§ **Your goal**: Return exactly the run of lines that begins at the line containing "Imagen 9 de Los Sims 2: Noctmbulos" and ends at the last line of the material below; pictures stay out.

§ **Data shown**:
== Segment start ==
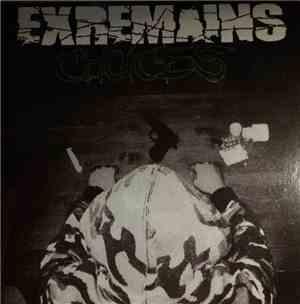 Exremains - Choices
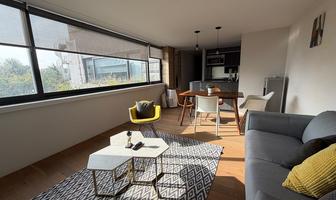 Foto de inmueble en Juan de la Barrera, Col. Condesa C.P. 06140, Cuauhtémoc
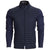 Greyson Men's Maltese Blue Yukon Hybrid Jacket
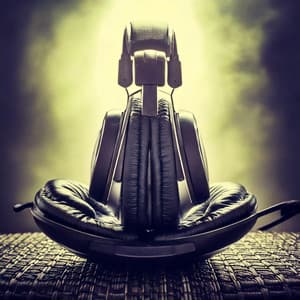 Mindful Music: Harmonies for Meditation - Isochronic Tones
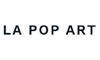 Voxweave Coupon Codes 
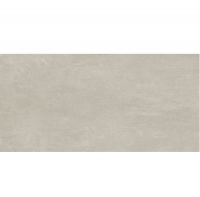 Керамогранит Грани Таганая Beton Sigiriya-blanch лофт бежевый 1200x600 GRS09-29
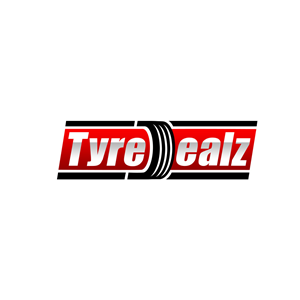 Logo Design by PsyPen for this project | Design: #28967290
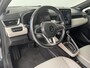 Renault Clio 1.6 E-Tech Hybrid 140 Initiale Paris | Leder | BOSE-Audiosysteem | Stoelverwarming | Navigatie | Achteruitrijcamera |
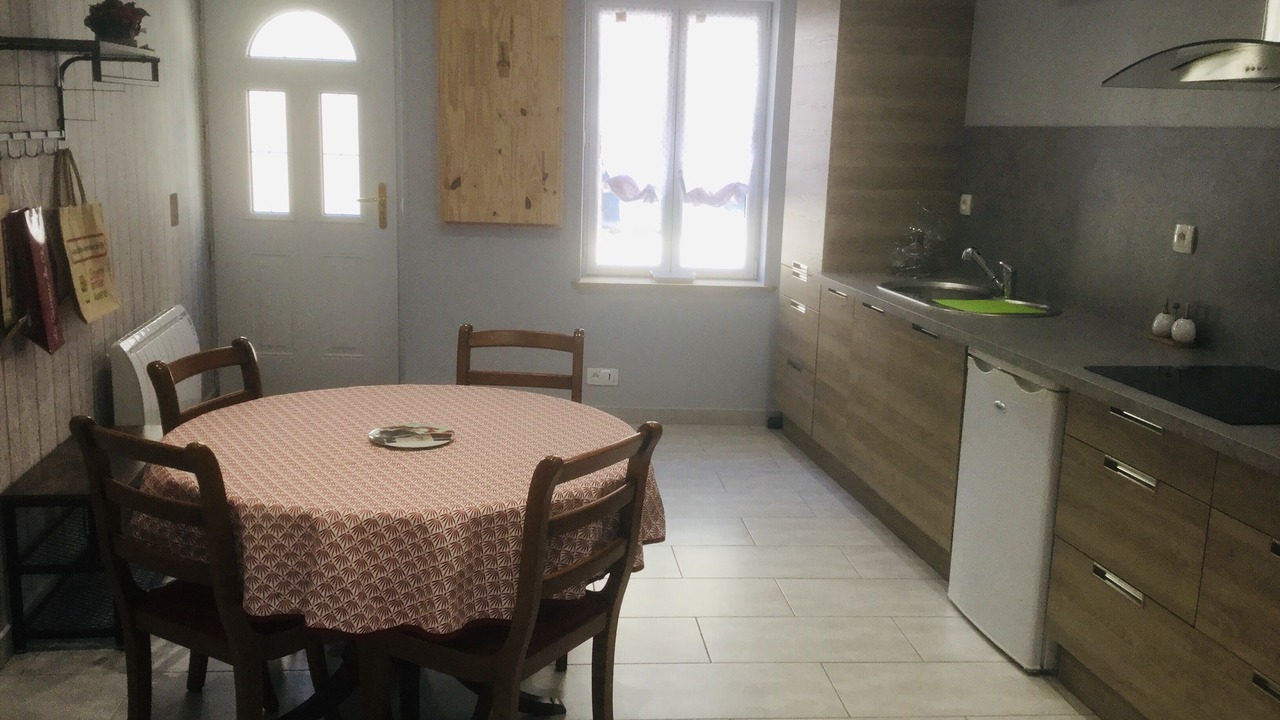 Photo of Others in Ligny-le-Chatel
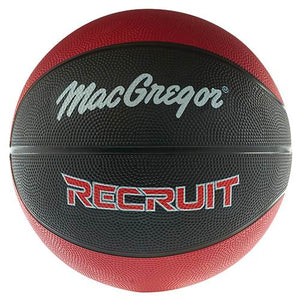 MacGregor&#174; Recruit Basketball | MCMINIBB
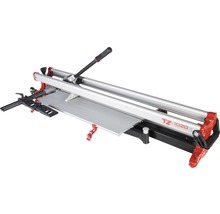 Tegelsnijder TZ 1020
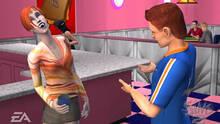 Imagen 9 de Los Sims 2: Noctmbulos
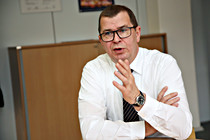 Miba004.JPG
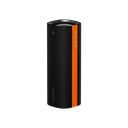 Xiaomi-NS7-GL-i3.png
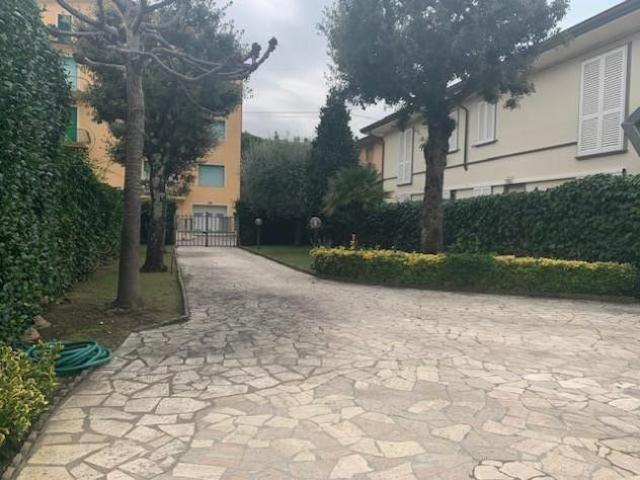 Appartamento in affitto a Camaiore, Toscana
== Segment end ==
§ **Reply to the exercise**:
 Imagen 9 de Los Sims 2: Noctmbulos
 Miba004.JPG
 Xiaomi-NS7-GL-i3.png
 Appartamento in affitto a Camaiore, Toscana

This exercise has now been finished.